> [Material provided]:
⟨

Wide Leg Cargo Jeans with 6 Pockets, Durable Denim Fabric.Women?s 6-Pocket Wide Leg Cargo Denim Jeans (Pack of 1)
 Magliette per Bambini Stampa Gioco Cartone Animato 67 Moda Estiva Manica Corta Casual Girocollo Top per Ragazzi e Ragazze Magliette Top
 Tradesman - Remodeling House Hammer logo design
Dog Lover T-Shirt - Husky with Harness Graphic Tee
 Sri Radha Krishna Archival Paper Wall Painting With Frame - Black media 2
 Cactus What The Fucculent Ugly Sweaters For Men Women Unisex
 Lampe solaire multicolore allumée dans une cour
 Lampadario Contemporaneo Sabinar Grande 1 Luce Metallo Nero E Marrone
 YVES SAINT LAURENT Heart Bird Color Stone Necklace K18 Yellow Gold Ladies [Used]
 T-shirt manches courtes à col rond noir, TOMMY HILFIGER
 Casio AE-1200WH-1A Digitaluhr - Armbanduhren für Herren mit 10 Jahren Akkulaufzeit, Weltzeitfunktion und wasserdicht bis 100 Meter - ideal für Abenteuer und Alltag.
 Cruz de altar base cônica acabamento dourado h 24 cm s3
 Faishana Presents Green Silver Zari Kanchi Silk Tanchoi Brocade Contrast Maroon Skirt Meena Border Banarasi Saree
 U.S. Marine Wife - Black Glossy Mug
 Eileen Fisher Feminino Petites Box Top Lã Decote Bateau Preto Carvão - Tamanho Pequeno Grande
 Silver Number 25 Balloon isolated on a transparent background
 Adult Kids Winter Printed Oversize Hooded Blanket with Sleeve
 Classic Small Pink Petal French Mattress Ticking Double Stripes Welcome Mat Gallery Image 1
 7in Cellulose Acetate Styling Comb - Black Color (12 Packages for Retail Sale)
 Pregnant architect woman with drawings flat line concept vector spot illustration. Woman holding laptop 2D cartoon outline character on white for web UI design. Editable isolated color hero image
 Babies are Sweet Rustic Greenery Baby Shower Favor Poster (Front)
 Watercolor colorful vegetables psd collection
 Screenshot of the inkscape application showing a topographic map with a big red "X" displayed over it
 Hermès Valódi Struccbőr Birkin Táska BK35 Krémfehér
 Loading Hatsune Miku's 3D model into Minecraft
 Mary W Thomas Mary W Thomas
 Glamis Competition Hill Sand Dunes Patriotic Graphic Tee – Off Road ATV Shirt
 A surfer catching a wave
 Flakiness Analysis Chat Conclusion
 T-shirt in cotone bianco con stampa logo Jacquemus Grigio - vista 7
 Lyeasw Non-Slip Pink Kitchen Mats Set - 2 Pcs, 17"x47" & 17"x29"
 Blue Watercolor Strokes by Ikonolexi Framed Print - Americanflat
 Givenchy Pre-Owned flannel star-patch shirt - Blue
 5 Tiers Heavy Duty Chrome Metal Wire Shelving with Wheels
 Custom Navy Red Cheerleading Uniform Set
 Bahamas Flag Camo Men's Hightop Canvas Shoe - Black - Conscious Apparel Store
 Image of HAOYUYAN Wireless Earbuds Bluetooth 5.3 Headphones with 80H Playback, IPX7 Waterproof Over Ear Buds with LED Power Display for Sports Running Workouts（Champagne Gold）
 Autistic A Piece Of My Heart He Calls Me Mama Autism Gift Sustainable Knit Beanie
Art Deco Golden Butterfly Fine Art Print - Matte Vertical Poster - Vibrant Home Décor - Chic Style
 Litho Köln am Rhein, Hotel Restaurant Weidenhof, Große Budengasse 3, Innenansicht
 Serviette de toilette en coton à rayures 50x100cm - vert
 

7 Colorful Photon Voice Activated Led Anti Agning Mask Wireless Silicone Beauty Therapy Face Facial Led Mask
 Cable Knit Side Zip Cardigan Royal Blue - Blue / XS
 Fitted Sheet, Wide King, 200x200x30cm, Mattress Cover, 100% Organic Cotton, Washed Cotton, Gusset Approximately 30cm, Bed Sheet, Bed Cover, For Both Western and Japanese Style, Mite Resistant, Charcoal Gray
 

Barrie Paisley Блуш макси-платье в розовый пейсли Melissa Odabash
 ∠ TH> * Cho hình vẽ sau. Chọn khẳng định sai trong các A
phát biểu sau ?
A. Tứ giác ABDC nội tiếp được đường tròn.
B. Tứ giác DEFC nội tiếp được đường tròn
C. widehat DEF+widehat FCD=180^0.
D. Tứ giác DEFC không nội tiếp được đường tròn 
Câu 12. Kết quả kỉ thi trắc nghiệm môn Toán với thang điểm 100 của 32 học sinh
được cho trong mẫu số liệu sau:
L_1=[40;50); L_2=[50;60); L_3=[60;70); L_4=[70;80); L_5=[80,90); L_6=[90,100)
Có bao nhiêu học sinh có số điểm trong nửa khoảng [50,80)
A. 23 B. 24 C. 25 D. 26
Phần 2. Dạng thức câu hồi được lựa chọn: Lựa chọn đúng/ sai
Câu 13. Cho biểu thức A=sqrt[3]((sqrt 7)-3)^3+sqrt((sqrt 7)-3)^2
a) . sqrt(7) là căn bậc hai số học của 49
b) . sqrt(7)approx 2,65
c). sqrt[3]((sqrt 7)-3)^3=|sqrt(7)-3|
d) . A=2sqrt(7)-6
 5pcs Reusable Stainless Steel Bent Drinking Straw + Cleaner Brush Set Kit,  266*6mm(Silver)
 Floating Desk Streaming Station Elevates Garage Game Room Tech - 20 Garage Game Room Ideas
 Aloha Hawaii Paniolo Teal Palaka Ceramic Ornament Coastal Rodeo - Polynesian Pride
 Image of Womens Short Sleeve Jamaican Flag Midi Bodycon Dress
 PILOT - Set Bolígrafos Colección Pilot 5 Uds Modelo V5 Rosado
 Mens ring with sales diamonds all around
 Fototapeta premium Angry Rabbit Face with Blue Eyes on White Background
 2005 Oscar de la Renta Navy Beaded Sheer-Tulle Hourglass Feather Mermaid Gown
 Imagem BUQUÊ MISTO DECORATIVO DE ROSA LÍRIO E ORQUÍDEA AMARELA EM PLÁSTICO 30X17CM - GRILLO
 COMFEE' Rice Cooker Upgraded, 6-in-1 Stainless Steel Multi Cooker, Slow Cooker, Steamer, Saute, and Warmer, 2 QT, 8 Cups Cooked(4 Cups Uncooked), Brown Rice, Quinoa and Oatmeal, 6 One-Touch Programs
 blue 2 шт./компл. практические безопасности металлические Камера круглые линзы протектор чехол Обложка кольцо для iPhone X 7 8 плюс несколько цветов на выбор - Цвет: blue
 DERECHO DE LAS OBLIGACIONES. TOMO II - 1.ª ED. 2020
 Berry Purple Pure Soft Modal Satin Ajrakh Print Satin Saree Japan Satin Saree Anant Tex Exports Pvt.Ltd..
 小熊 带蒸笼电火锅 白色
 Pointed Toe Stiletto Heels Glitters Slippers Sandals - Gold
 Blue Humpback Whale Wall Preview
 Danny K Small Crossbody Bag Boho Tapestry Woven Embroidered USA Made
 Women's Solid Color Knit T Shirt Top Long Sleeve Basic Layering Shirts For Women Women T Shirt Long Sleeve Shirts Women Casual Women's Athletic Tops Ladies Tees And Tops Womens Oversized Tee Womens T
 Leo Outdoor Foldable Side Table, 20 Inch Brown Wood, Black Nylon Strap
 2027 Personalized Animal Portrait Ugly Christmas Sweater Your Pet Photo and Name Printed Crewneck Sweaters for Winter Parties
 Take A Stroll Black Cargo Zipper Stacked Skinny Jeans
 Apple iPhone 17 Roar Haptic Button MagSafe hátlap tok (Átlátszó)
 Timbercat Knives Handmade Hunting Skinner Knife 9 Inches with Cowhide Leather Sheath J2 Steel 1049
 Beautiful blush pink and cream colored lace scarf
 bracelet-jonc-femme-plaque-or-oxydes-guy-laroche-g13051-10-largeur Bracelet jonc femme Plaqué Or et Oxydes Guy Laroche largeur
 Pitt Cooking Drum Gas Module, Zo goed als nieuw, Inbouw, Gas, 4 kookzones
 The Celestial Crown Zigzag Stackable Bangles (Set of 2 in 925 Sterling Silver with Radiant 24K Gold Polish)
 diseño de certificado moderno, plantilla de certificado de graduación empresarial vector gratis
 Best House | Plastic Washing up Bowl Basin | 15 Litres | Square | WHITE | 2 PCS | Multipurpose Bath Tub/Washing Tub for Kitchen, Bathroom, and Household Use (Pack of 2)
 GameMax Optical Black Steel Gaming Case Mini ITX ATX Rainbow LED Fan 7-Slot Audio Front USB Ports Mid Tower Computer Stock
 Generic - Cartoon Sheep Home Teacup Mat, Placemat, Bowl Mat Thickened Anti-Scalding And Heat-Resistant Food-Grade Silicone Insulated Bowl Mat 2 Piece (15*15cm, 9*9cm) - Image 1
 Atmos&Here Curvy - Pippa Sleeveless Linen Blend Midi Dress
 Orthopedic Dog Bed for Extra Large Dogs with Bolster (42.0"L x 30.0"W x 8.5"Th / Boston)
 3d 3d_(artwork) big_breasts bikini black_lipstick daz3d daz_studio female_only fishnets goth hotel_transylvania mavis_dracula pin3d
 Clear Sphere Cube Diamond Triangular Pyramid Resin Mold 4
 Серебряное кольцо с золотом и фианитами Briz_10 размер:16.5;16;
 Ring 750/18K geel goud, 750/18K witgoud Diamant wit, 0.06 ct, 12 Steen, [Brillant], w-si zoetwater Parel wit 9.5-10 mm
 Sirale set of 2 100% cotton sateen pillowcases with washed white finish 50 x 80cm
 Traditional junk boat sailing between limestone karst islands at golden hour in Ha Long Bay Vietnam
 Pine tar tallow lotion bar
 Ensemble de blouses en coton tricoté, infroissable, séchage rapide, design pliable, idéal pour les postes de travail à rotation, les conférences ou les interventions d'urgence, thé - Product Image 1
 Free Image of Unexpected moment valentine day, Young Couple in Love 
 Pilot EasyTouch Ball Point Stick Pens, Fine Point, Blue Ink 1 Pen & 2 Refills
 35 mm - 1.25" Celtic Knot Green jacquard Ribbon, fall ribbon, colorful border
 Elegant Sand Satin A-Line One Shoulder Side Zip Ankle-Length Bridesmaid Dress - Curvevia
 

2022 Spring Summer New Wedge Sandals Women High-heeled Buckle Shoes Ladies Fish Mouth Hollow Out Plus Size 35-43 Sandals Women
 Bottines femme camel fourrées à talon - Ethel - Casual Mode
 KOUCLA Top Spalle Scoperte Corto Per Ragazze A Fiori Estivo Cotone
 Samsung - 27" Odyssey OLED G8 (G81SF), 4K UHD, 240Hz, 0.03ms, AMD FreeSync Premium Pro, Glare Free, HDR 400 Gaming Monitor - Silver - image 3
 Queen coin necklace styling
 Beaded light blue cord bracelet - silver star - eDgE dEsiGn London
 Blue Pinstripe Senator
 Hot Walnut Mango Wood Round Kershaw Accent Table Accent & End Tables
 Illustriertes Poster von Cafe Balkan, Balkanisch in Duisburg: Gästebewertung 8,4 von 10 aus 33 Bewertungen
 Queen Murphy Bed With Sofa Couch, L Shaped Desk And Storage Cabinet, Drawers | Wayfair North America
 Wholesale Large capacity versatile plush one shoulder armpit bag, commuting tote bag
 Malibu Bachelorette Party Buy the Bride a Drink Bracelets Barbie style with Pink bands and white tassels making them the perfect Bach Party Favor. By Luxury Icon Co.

⟩

> [Work item]:
When you reach the line that contains "Classic Small Pink", stop; that line and every line before it, from the very first line of the data, should be restated word for word.

> [Exercise answer]:
Wide Leg Cargo Jeans with 6 Pockets, Durable Denim Fabric.Women?s 6-Pocket Wide Leg Cargo Denim Jeans (Pack of 1)
 Magliette per Bambini Stampa Gioco Cartone Animato 67 Moda Estiva Manica Corta Casual Girocollo Top per Ragazzi e Ragazze Magliette Top
 Tradesman - Remodeling House Hammer logo design
Dog Lover T-Shirt - Husky with Harness Graphic Tee
 Sri Radha Krishna Archival Paper Wall Painting With Frame - Black media 2
 Cactus What The Fucculent Ugly Sweaters For Men Women Unisex
 Lampe solaire multicolore allumée dans une cour
 Lampadario Contemporaneo Sabinar Grande 1 Luce Metallo Nero E Marrone
 YVES SAINT LAURENT Heart Bird Color Stone Necklace K18 Yellow Gold Ladies [Used]
 T-shirt manches courtes à col rond noir, TOMMY HILFIGER
 Casio AE-1200WH-1A Digitaluhr - Armbanduhren für Herren mit 10 Jahren Akkulaufzeit, Weltzeitfunktion und wasserdicht bis 100 Meter - ideal für Abenteuer und Alltag.
 Cruz de altar base cônica acabamento dourado h 24 cm s3
 Faishana Presents Green Silver Zari Kanchi Silk Tanchoi Brocade Contrast Maroon Skirt Meena Border Banarasi Saree
 U.S. Marine Wife - Black Glossy Mug
 Eileen Fisher Feminino Petites Box Top Lã Decote Bateau Preto Carvão - Tamanho Pequeno Grande
 Silver Number 25 Balloon isolated on a transparent background
 Adult Kids Winter Printed Oversize Hooded Blanket with Sleeve
 Classic Small Pink Petal French Mattress Ticking Double Stripes Welcome Mat Gallery Image 1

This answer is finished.